I due furono invitati ad entrare in quella umilissima abitazione con una inaspettata ospitalità. L'interno era costituito da un unico ambiente arredato spartanamente con un focolare, un lettuccio, un tavolino e due sedie. Il pescatore si mise a giocare in disparte con i cagnolini mentre Lidia non smetteva di lodare la maestria con cui era stata costruita quell'edificio. Era sinceramente rapita da tanta bellezza. Ad un tratto si accorse che l'anziano interlocutore sembrava guardare ripetutamente in un punto della stanza come se vedesse qualcuno o qualcosa, così gli confidò: «Sa cosa mi è capitato questa mattina? Ho visto due amanti riflessi in uno specchio. Mi hanno detto che hanno ucciso per poter mantenere la loro relazione.»

«Lo so, anch'io sono in contatto con gli spiriti. Ha detto di essere interessata alla morte dei due fratelli, vero? Conosce la storia di colei che chiamano “la Femena”?» (La giornalista annuì.) «È venuta da me la notte della della vigilia di Natale. Ha detto che dovevamo mettere le cose a posto, che ci avrebbe pensato lei... e altri spiriti, ma aveva bisogno del mio aiuto. Avrei dovuto bussare al capanno dei due per farmi aprire. Loro non avrebbero potuto farlo e farsi udire. Una volta entrati non so cosa sia successo, ma… sapevo che sarebbe stata una sentenza di morte.
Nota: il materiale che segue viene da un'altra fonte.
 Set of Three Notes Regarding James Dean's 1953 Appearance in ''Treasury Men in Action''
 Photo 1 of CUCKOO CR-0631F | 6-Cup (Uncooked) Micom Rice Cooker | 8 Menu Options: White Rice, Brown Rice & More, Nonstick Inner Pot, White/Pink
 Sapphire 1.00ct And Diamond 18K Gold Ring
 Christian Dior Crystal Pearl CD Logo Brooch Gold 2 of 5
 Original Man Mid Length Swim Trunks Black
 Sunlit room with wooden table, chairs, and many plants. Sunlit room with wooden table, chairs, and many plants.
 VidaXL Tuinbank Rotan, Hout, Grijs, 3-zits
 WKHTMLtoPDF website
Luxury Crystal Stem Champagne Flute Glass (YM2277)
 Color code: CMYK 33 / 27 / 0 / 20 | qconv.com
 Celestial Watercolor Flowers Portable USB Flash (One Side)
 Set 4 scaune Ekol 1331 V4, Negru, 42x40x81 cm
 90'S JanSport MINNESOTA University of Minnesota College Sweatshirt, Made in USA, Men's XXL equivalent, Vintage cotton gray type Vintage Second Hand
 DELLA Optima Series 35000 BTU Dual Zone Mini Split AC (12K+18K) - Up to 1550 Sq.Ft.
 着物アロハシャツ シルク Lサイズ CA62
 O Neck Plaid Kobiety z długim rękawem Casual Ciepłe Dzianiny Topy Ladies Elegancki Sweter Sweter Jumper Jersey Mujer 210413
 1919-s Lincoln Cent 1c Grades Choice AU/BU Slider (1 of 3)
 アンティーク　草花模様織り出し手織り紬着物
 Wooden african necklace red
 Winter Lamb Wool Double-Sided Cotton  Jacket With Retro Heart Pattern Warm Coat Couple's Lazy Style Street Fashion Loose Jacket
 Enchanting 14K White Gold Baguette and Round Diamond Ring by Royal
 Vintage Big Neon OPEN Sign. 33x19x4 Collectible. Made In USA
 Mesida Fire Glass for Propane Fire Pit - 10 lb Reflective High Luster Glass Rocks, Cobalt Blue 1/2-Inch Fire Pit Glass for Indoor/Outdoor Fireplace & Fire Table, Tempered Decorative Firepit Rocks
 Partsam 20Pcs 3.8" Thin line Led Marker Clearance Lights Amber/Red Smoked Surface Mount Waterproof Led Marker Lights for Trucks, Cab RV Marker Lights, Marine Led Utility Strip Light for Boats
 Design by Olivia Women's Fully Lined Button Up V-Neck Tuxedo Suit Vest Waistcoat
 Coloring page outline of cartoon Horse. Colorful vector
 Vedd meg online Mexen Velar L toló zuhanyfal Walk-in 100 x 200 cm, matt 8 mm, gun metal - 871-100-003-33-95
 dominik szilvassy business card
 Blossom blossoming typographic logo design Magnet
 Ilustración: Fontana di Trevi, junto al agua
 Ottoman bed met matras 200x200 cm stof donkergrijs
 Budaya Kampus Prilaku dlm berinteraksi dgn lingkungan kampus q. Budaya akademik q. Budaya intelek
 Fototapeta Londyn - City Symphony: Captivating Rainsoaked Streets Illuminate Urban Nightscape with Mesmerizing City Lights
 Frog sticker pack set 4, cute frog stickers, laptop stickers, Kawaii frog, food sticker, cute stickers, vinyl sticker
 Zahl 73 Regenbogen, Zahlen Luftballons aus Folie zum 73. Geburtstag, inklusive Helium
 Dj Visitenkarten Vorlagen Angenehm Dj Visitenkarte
La Donna mi ha detto che potrò continuare a vivere su questa isola fino a quando lo vorrò. Non l'ho fatto per avere alcunché in cambio. Sapevo solo che quella pesca blasfema non doveva rimanere impunita.»

Cosa avrebbe potuto scrivere di tutta quella vicenda? Nulla. 

Nulla di concreto, ma sarebbe diventato un bell'articolo antropologico da mettere sulla pagina domenicale della cultura.

Lo scritto strappò delle lodi al direttore Zanatta e una bestemmia al giovane commissario capo di Portotolle che maledì nuovamente il territorio in cui si trovava.